福士:もちろん、カッコいいアクションを見せるのもいいことだと思うんですけど、そのキャラクターが見えていったり、物語を語る部分が見えると、アクションはより面白いんじゃないかな、と意識しながらやっているところはあります。
――川上さんは、『BLEACH』のようなソードアクションはお好きですか?
川上:日本特有というか、日本人が得意とするものなんじゃないかな、と思いますね。こういう作品は、海外で期待もされているでしょうし、ド真ん中の作品なんだと思います。
福士蒼汰 撮影=岩間辰徳
「作品やキャラクターを思い起こさせる」映画音楽への想い
[ALEXANDROS]川上洋平 撮影=岩間辰徳
――主題歌「Mosquito Bite」と挿入歌「MILK」も、アクションと同じように物語に密接にリンクしていますね。なぜここまでハマったのか、すごく気になるのですが。
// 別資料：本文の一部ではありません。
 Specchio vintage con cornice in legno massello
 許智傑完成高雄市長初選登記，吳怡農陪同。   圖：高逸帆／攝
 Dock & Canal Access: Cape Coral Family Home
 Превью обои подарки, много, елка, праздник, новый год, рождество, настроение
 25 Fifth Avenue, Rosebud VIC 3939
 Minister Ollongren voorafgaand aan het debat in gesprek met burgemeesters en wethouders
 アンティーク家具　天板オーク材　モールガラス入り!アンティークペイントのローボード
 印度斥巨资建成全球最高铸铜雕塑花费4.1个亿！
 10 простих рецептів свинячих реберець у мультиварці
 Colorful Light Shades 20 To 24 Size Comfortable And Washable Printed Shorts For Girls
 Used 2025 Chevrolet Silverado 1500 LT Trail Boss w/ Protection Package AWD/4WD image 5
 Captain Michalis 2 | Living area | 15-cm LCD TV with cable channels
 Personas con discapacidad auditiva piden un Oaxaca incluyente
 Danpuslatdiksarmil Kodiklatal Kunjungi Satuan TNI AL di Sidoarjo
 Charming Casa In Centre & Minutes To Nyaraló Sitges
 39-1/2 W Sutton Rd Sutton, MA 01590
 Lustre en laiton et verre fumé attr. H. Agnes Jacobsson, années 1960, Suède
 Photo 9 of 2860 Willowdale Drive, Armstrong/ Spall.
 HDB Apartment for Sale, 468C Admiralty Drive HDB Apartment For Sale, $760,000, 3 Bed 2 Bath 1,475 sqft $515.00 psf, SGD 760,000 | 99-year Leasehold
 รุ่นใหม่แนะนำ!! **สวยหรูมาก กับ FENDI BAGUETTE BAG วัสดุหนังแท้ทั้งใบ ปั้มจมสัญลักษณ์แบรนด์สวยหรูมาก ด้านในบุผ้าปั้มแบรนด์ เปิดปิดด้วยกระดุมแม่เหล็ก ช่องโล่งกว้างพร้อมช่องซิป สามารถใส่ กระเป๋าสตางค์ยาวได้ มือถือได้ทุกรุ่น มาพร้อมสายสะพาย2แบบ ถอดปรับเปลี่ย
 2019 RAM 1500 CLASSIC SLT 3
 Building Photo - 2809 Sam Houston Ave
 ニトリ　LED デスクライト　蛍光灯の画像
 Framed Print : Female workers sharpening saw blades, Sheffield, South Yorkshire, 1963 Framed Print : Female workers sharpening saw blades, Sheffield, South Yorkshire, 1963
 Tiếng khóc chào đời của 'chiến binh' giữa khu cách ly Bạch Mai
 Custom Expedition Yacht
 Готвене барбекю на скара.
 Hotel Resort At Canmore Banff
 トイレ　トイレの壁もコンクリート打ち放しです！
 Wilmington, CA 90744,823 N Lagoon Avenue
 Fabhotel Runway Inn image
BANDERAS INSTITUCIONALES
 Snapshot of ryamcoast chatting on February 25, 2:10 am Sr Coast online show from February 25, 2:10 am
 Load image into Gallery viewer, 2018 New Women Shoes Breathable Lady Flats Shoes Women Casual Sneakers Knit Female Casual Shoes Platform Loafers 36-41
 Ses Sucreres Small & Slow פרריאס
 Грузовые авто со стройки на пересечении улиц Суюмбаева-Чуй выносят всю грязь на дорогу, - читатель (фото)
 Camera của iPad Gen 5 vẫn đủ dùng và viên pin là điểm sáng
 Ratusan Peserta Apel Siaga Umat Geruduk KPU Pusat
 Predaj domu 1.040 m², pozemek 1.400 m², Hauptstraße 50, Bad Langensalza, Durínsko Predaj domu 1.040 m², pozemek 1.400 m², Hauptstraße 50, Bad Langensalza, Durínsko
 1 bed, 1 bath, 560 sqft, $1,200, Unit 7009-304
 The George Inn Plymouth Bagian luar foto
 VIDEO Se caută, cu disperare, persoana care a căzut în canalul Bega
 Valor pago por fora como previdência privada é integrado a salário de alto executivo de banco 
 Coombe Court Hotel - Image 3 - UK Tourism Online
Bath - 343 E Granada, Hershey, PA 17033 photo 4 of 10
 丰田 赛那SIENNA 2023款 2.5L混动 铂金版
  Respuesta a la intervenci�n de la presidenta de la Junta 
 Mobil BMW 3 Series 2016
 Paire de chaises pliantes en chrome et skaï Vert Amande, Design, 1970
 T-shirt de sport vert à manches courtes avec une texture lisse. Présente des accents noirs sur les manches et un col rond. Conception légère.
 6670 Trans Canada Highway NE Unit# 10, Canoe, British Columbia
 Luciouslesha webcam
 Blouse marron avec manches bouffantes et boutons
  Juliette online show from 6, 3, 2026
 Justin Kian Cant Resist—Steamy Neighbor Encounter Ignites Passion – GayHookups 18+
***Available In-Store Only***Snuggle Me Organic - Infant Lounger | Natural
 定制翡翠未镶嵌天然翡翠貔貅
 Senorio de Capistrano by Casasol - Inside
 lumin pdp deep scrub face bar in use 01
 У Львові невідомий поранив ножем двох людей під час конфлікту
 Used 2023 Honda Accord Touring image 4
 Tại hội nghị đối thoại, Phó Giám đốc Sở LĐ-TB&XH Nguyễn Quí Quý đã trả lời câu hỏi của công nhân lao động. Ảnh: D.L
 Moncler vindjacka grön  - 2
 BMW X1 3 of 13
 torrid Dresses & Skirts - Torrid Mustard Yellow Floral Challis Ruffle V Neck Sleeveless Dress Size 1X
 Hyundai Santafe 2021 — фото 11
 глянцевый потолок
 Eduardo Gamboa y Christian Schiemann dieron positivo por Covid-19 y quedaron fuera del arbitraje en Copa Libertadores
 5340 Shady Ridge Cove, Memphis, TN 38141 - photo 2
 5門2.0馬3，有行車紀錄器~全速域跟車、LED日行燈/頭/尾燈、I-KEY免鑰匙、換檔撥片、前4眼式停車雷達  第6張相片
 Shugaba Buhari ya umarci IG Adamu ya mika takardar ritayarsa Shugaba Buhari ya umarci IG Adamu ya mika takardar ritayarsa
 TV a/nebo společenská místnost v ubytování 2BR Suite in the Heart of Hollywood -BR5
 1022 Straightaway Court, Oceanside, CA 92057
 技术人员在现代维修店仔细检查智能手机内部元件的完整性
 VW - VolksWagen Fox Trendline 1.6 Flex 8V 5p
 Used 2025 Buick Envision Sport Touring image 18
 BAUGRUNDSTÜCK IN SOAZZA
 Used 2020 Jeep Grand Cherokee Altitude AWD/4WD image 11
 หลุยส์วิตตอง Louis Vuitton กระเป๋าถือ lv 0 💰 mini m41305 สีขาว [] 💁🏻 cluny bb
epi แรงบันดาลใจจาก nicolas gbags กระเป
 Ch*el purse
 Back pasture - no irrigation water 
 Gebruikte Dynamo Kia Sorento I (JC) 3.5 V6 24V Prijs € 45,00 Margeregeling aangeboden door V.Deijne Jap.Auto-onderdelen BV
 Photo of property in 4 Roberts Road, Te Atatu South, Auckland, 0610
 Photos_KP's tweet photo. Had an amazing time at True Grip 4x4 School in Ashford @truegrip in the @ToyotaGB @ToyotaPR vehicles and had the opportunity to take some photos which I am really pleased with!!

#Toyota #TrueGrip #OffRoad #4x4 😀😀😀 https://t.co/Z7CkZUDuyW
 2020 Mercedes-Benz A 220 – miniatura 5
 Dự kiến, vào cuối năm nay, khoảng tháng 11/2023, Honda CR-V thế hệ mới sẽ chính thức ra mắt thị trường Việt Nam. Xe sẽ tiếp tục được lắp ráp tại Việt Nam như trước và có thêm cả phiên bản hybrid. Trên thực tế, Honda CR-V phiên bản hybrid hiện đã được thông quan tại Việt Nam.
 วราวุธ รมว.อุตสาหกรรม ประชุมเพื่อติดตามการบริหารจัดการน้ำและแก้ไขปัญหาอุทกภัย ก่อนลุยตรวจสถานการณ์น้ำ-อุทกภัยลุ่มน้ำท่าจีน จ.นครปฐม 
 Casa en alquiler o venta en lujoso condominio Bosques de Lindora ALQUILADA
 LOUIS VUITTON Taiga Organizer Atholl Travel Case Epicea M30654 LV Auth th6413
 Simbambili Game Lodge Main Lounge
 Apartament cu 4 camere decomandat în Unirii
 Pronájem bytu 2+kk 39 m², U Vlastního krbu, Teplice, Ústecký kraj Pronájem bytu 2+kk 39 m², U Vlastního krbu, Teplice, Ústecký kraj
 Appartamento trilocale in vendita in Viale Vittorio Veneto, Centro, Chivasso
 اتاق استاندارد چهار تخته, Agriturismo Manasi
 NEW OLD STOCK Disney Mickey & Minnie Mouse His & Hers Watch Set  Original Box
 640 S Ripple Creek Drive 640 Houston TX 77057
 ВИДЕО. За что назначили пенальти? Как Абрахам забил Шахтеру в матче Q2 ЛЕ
川上:「Mosquito Bite」は映画を拝見してから作った曲なんですけど、「MILK」のほうはデモ音源まで出来ていた曲なんです。最初のラッシュ(※編註:編集が加えられる前の未完成版)を観たときには、「MILK」が使われるシーンに、佐藤監督が趣味で当て込んだ曲が流れていました。観終わった後に、監督に「あそこに当ててほしいんです」とリクエストいただいたんですが、ちょうどその時に携帯に完成前のデモ音源が入っていたので、その場で「これ、どうです?」と提案したら、「いいですね!」とおっしゃってくださって。だから、「MILK」に関しては、ピッタリはまってよかったな、と思います。もともと、「映画に使われたら面白いよね」と話して作りはじめた曲でもあるので。
――主題歌の「Mosquito Bite」は、エンドロールだけではなく、福士さん演じる一護の感情が揺れ動く、重要な場面で使われています。楽曲が使われる箇所は、あらかじめ監督から聞いていらしたんでしょうか?
川上:いいえ、全然。ただ、映画を観てイマジネーションを膨らませて、どこに使われてもいいように作りました。お渡しして、「好きに使ってください」とお伝えしたんです。「エンドロールでも使います」とは聞いていたんですけど。

――楽曲が入った映画をご覧になって、どう思われました?
川上:すごくビックリしたし、「ハマってるな!」と思いましたけど……それはぼくよりも、監督の手腕なんだろうな、と思います。というのも、ぼくは「Mosquito Bite」を作っているときは、そんなに(映像は)意識しなかったんです。映画を観た後には、「一旦忘れよう、自分が最大限にカッコイイと思う曲を作ろう」と思っていたので。ほかの作品で主題歌を作るときもそうなんですけど、映画を観たらそれは絶対に吸収されているから、何かしらいいものが書けるだろう、と思っています。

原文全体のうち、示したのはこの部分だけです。